• Assignment:
In the data that follows, count the lines where "بغداد" appears, and write only the number.

[[ Information provided, beginning ]]

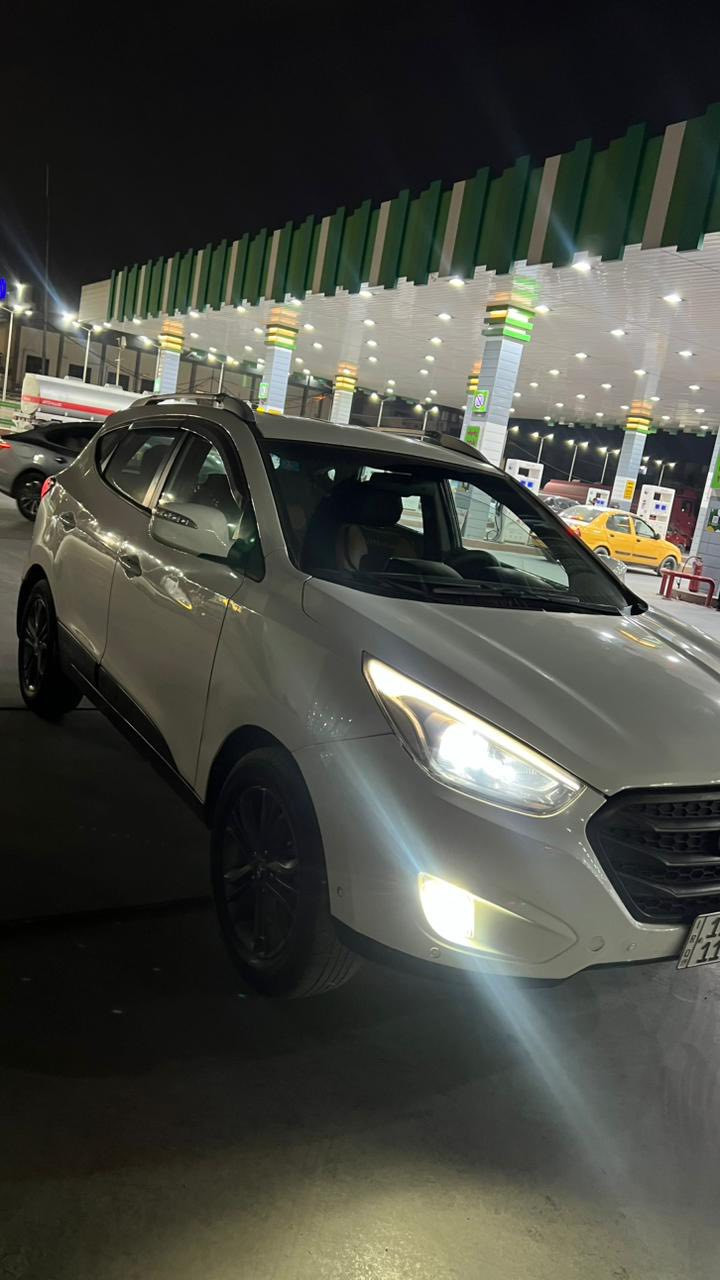 السلام عليكم
للبيع توسان خليجي
رقم بغداد الدولي
موديل  2016
موصفات عادية 
السيارة بيها كص قمارة 
وصلحة وكاملة
ابيع صبغ حزام
السعر  113$ ورقة 
العنوان بغداد البلديات 
للاتصال  ***********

[[ Information provided, end ]]

• Exercise response:
2